*** Block opens ***

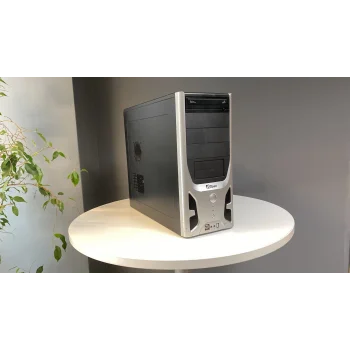 PC OEM AMD A4-4000 DDR3 8GB 120GB SSD O/B VGA 2.EL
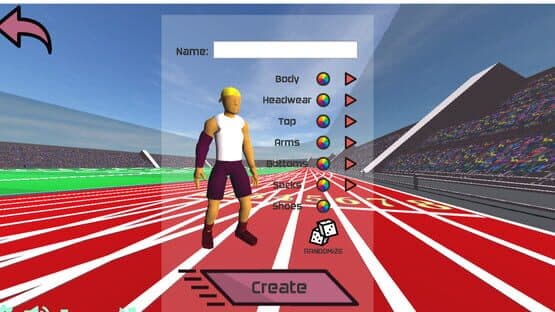 Speed Stars — screenshot 3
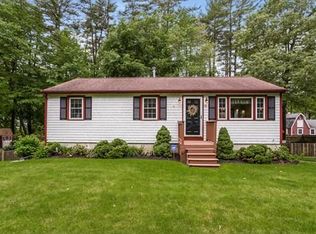 44 Annawon Dr, Halifax, MA 02338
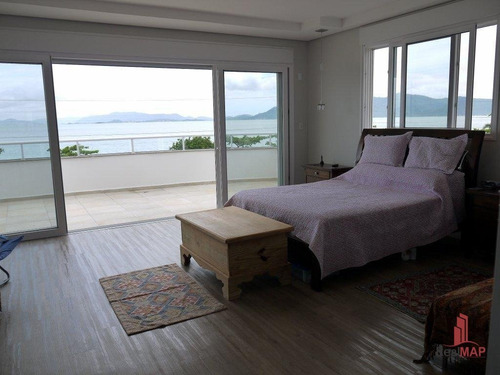 Imagem 10 de 15 de Casa - Praia De Fora - Ref: 11593 - V-11593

*** Block closes ***

I would like you to set down the lines above, from the one containing "Speed Stars — screenshot 3" to the final line, exactly as written and without pictures.

-- Response below --
 Speed Stars — screenshot 3
 44 Annawon Dr, Halifax, MA 02338
 Imagem 10 de 15 de Casa - Praia De Fora - Ref: 11593 - V-11593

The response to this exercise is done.